## TASK OBJECTIVE
Ignoring the pictures, copy the data exactly.

## DATA FOR THE TASK
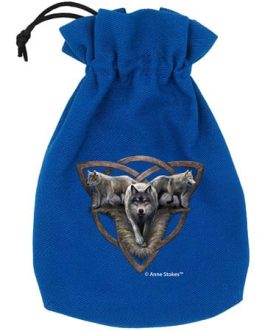 Anne Stokes sac à dés Wolf Trio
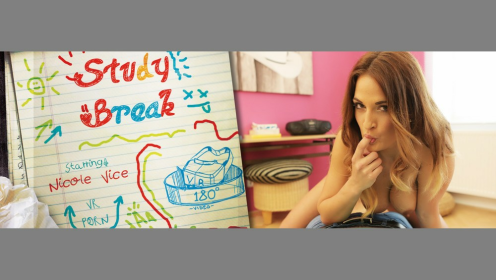 Nicole Vice: Hot Student On Top VR Action
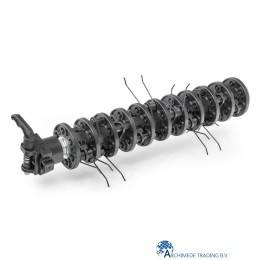 4009269565363 WOLF-GARTEN WAS3001 BELUCHTINGSWALS COMPLEET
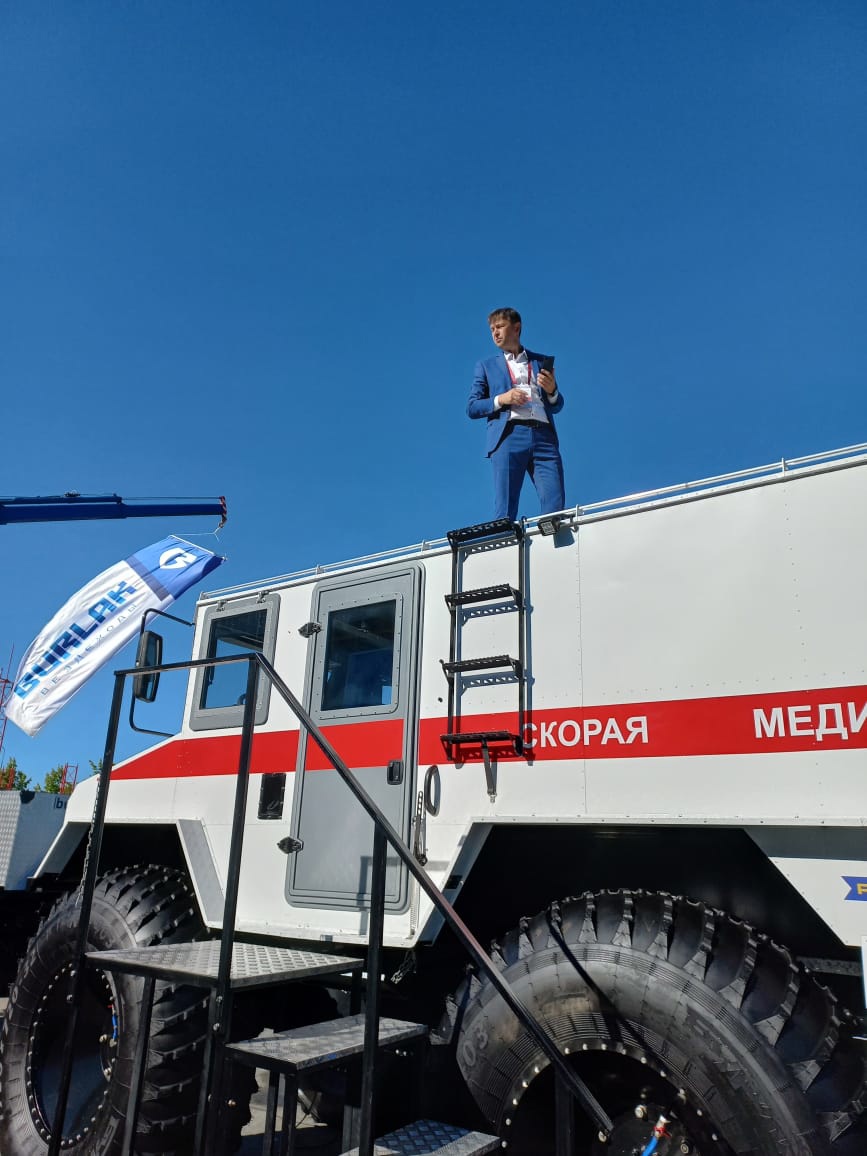 Международный военно-технический Форум «Армия-2021»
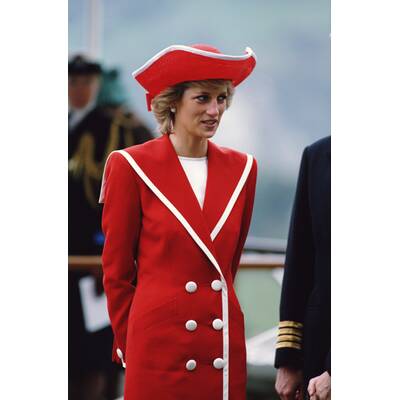 Prinzessin Diana - ihre legendärsten Looks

## SOLVED PROBLEM
 Anne Stokes sac à dés Wolf Trio
 Nicole Vice: Hot Student On Top VR Action
 4009269565363 WOLF-GARTEN WAS3001 BELUCHTINGSWALS COMPLEET
 Международный военно-технический Форум «Армия-2021»
 Prinzessin Diana - ihre legendärsten Looks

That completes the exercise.